A lightweight ffmpeg wrapper to reduce your video collection size (while preserving quality)
Warning
Core functionality works, customization features and logging changes underway. Project in "Beta", feedback on small sample sizes welcome. Refrain from running on large portions of your media until full first release (with PyPI release) 😄
NanoEncoder is for local media nerds who want to save storage space without sacrificing video quality. It provides:
- Batch processing of video directories
- Auto skips already optimized files
- Detailed reporting of space savings
- Safe cleanup of original files (only when you're ready)
- Python 3.13+ (if not installing via
uv
) - FFmpeg installed system-wide
Note
uv allows you to install Python apps without even having Python itself installed.
Check it out here. This is the preferred method for my friends wanting to use the NanoEncoder
# Install latest version
uv tool install git+https://github.com/JoshPaulie/NanoEncoder.git
# Update installation to latest
uv tool upgrade nanoencoder
# Uninstall NanoEncoder
uv tool uninstall nanoencoder
# Verify functionality
nen -h
pipx install git+https://github.com/JoshPaulie/NanoEncoder.git
nen -h
The CLI has 2 commands: optimize
and purge
. Each take a directory to transact against.
Important
When optimizing a series, it's recommended you copy a few episodes to their own folder and experiment with the --crf
flag.
Once you're sure you have a setting you like, you can confidently process the whole thing (assuming they're all of the same quality, like if you downloaded a series from the internet)

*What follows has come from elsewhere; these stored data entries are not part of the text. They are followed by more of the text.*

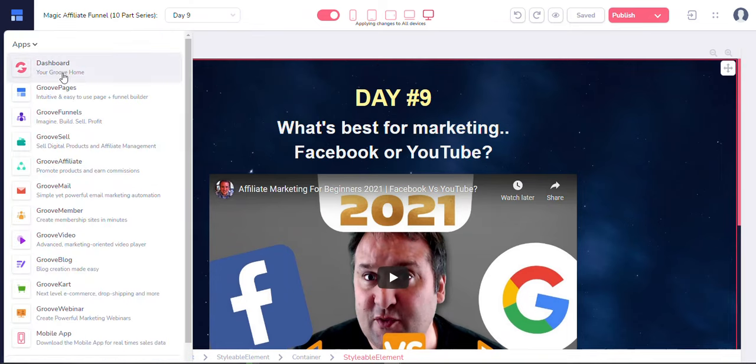So check it out. So I'm still testing, look forward, just expect more videos in the future with regards to GroovePages. All right. And GrooveFunnels. All right. That's it for me now guys. And that's the dashboard. So catch you on the next video. Bye for now.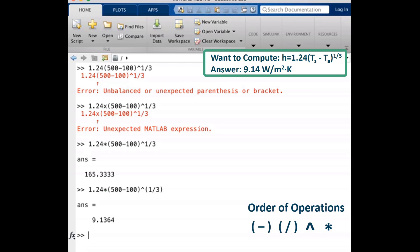One last thing to note here is that even inside the parentheses, if we have multiple different calculations that are being performed, the calculations are performed using the typical order of operations. In this case, we had two sets of parentheses and each had just one calculation that needed to be performed within them.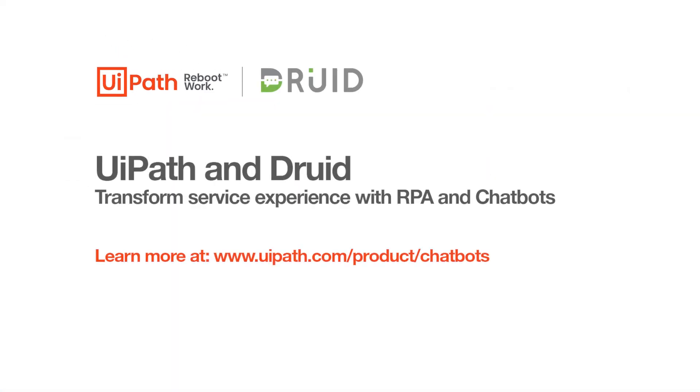In this demo, we saw the power of the UiPath RPA platform and AI-based no-code Druid chatbots. Bringing automation and chatbots together can provide your customers with better service on the channel of their choice. Get started with your chatbot today!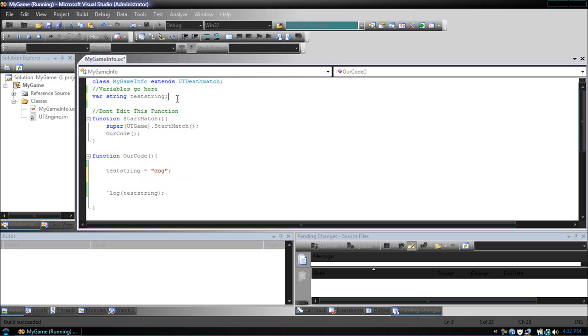Now, unlike int values, you cannot just use a plus and minus symbol for strings. Instead, there's two special characters. There's the money sign, and the at sign.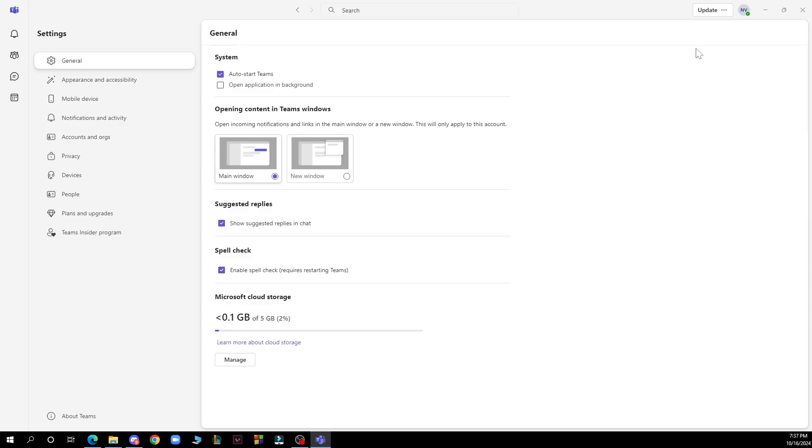After that you need to go to the calls section. In the settings menu click on calls and under the ringtone section click on the drop down menu and choose one of the available ringtones.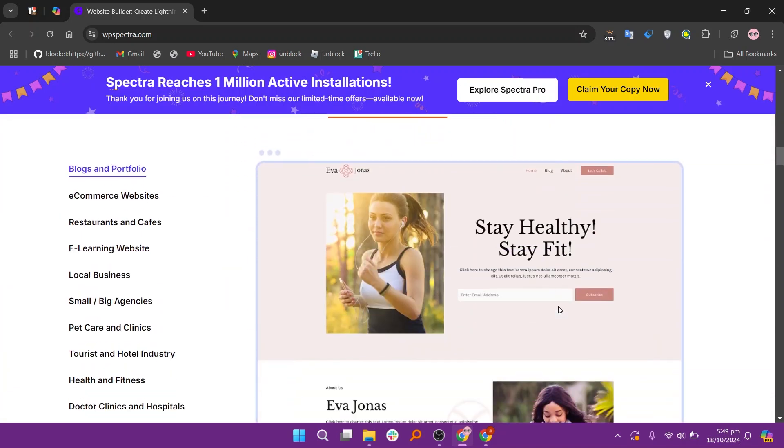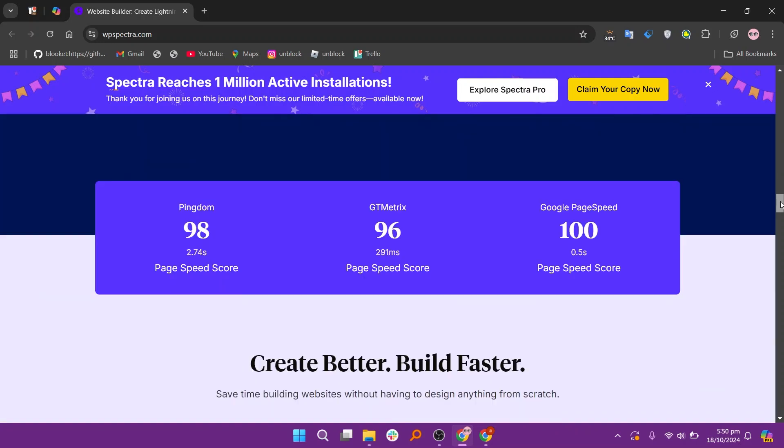So that's the comparison between Elementor and Spectra. Make sure to use the links given down in the description to get started with either Elementor or Spectra.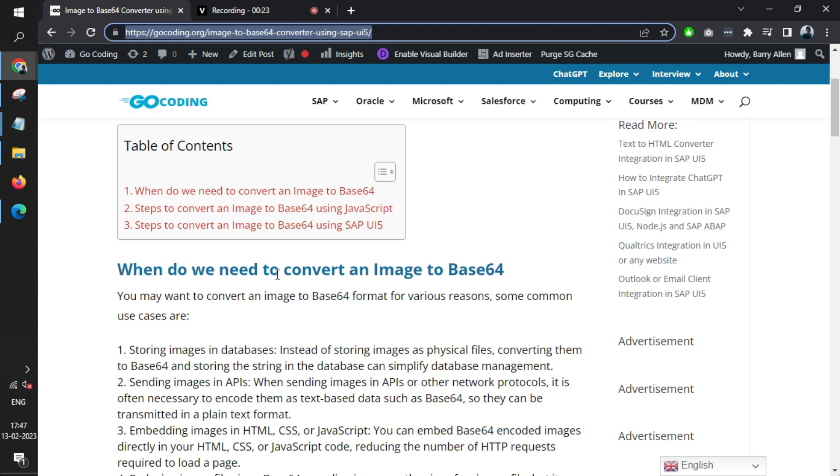Many times there is a requirement to send your image file to the backend, and the backend will save the file in some raw format. You can easily convert your image into Base64 and pass that Base64 to your backend.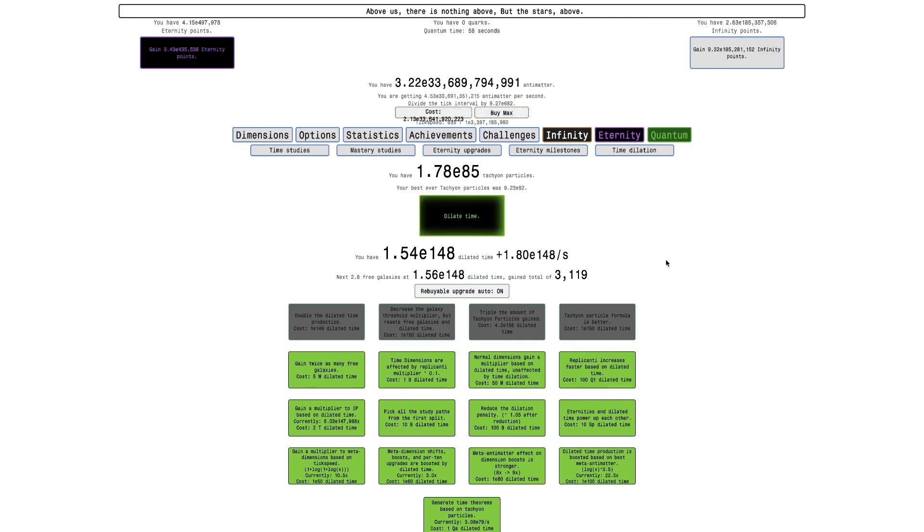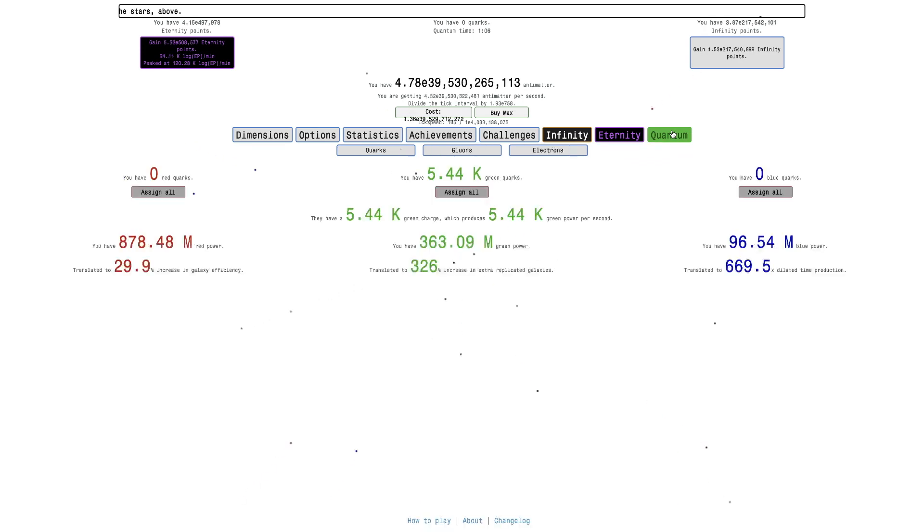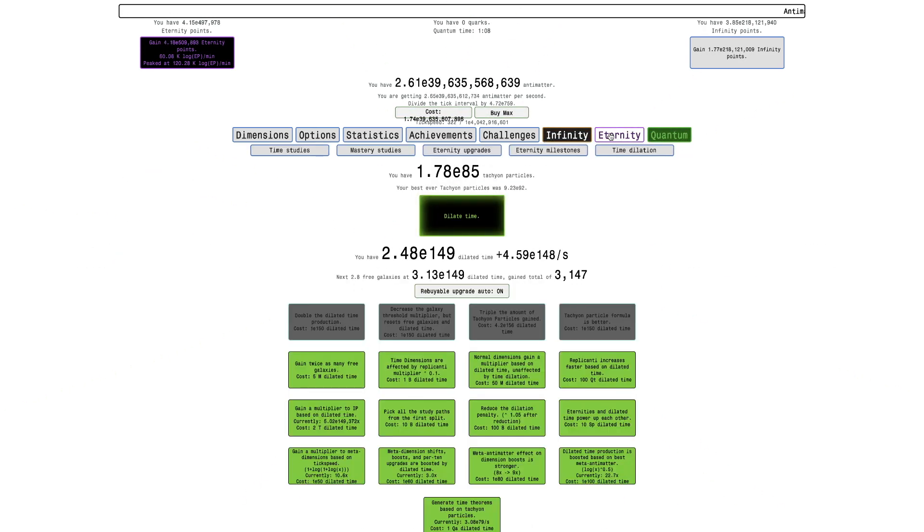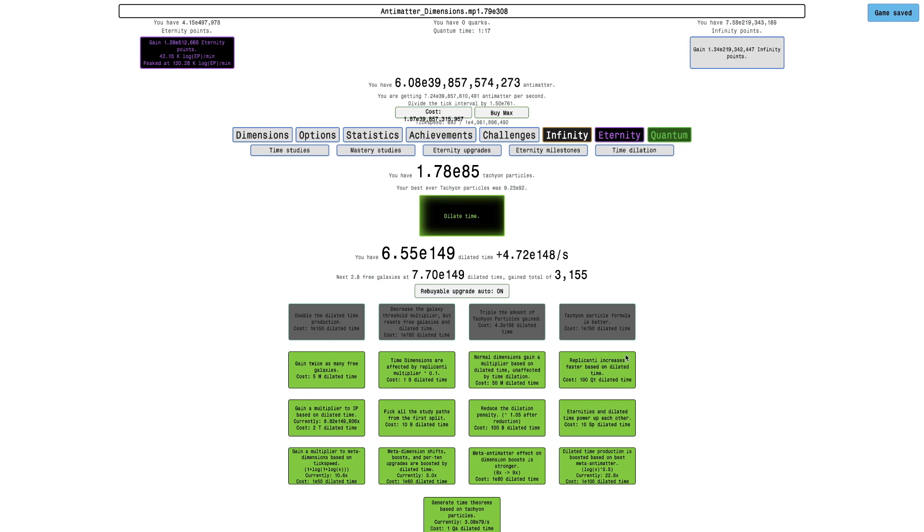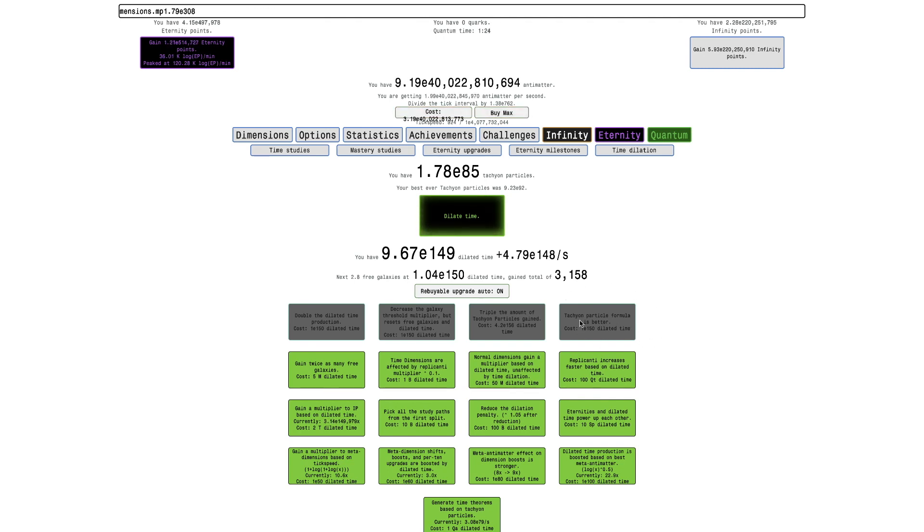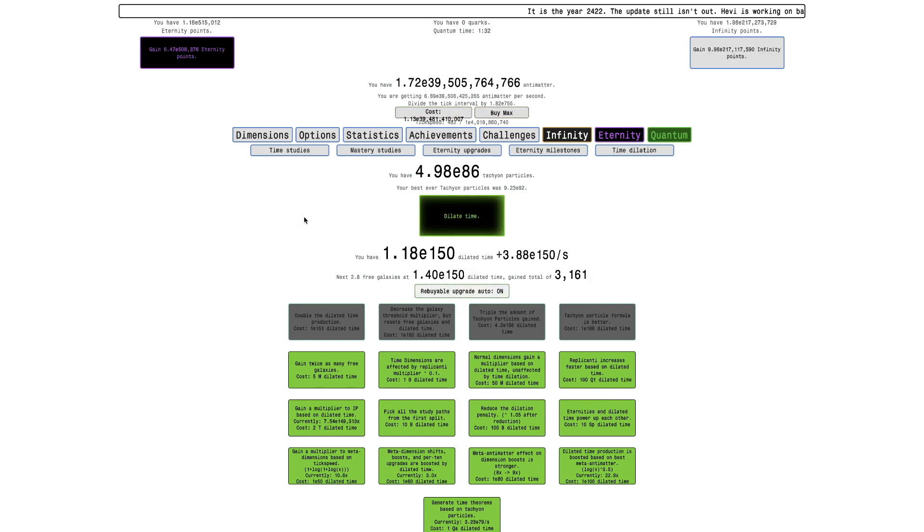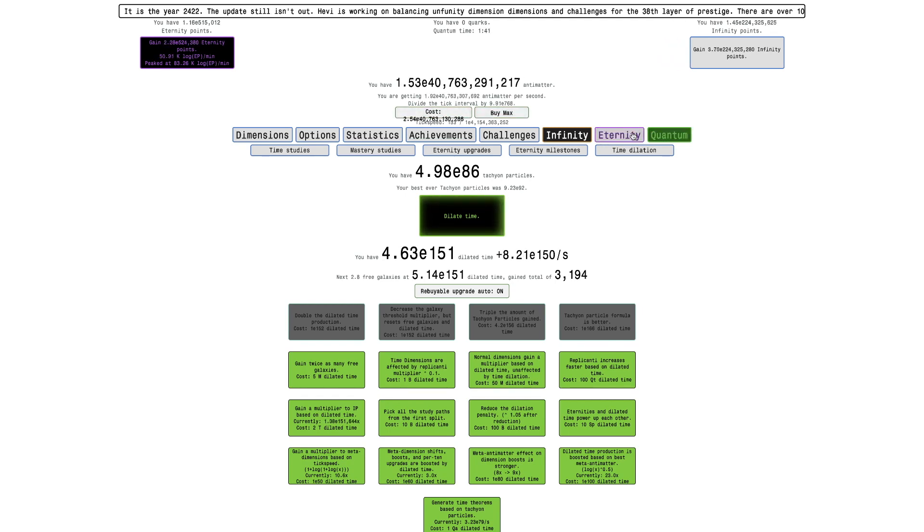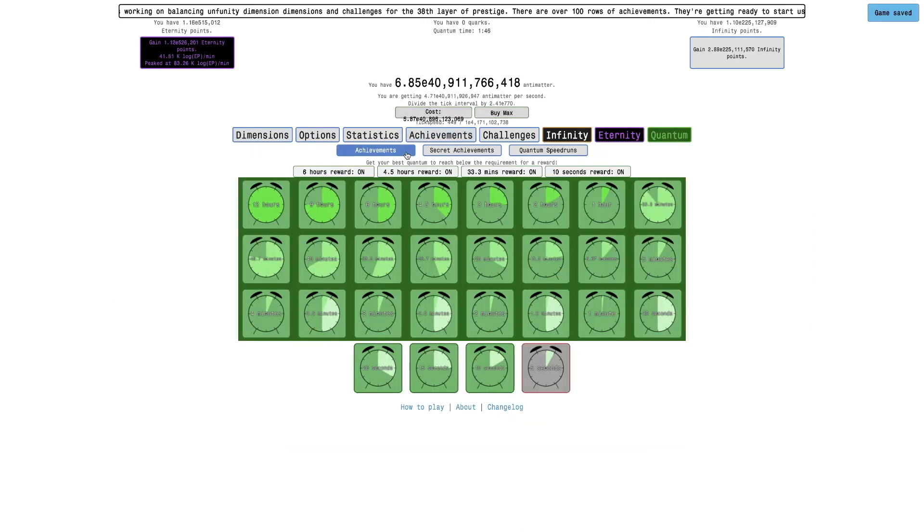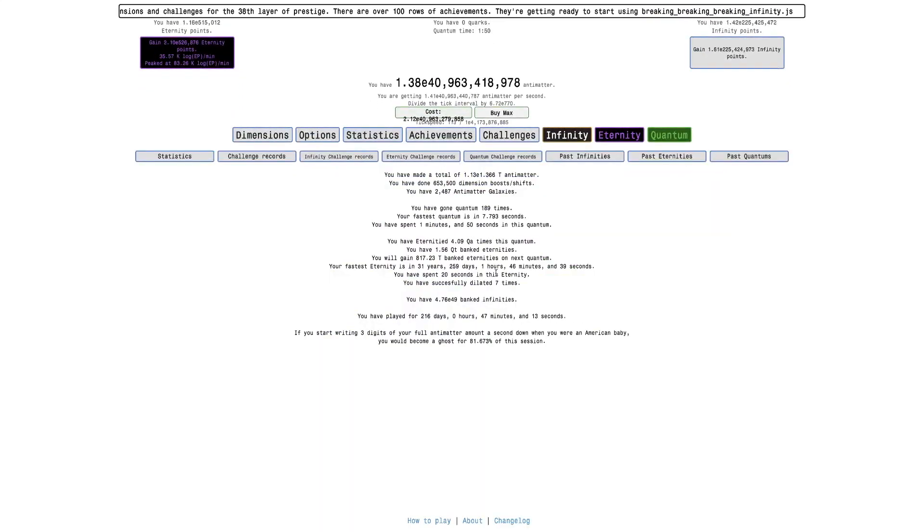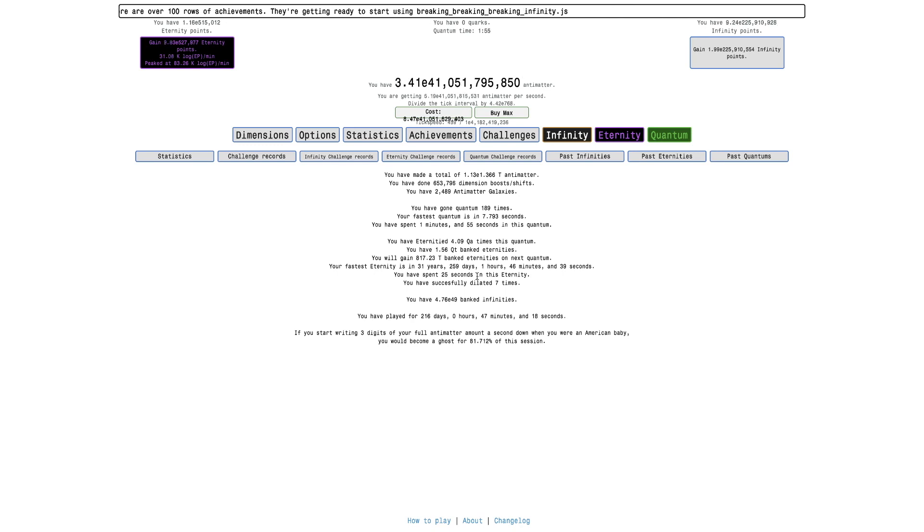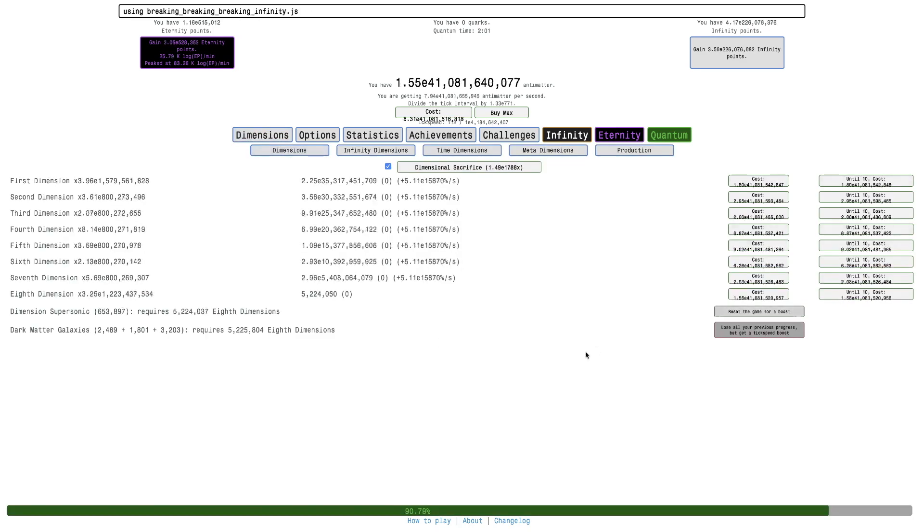And I have now E85 tachyon particles, so now I think it's just waiting to eventually make the goal, because the quantum challenges take a long time to complete. So I think it's gonna be mostly waiting, except there is the tachyon particle formula is better upgrade, which are OP. That's gonna get me well into the E86 range. There we go, E86, there it is. Hopefully that should put me in good shape to beat this within like 12 hours, hopefully. So yeah, there's really not much else I can do. It's the achievements, I haven't done anything else. Statistics, I have 1.56 quintillion banked eternities, so that's crazy. Really not much else I can do, so see in a bit.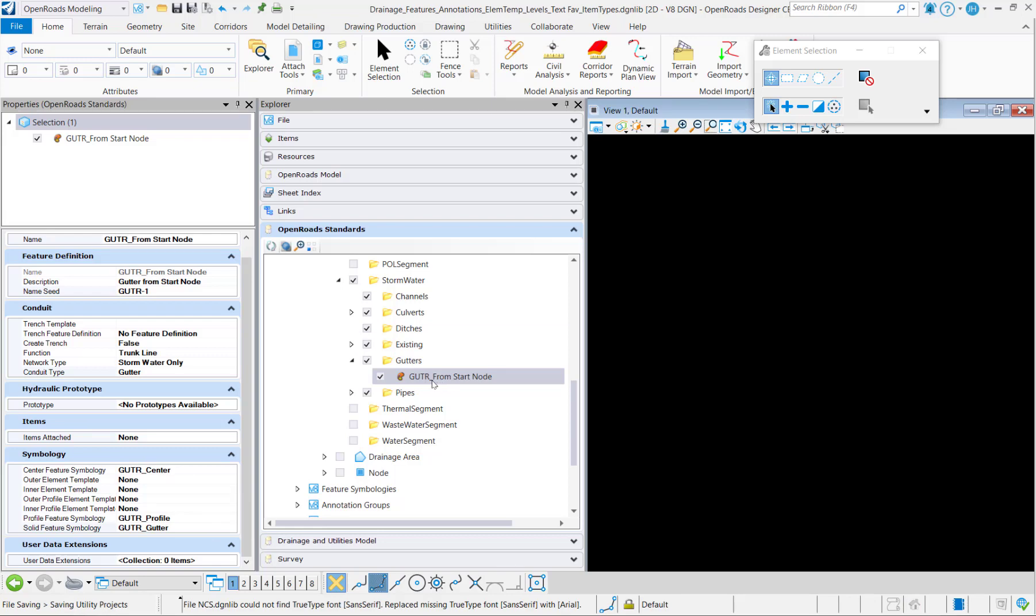Then to create the other gutters, I'll probably just copy this feature and then just make a few slight edits over here in the properties to quickly create those.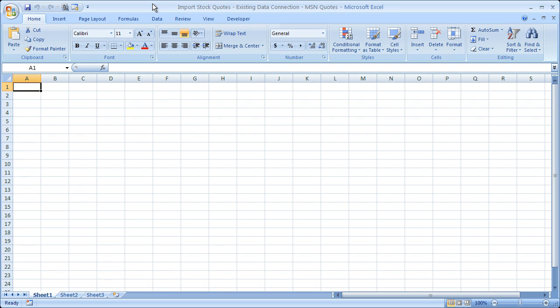Hi and welcome to this tutorial. Here I'm going to show you how to import live stock quotes into Microsoft Excel.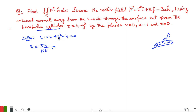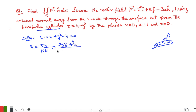Computing the gradient of h: the derivative with respect to x is 0, so 0 î; the derivative with respect to y is 2y, so 2y ĵ; and the derivative with respect to z is 1, so +k̂. The length of this gradient vector is √(4y² + 1), so n-cap = (2y ĵ + k̂) / √(4y² + 1).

nen optimize '/media/series/The Office (US)' # Recursively find all videos and begin re-encoding
nen purge '/media/series/The Office (US)' # Recursively remove original files
nen optimize --crf 28 '/media/series/Berserk (1997)' # Re-encode at specified CRF (Default is 23)
optimize
is used to re-encode entire directories into HEVC. Files are found recursively, meaning all video files (regardless if they're nested in other directories) are found and processed.
- While encoding, the files will have .optimizing inserted before the file extention.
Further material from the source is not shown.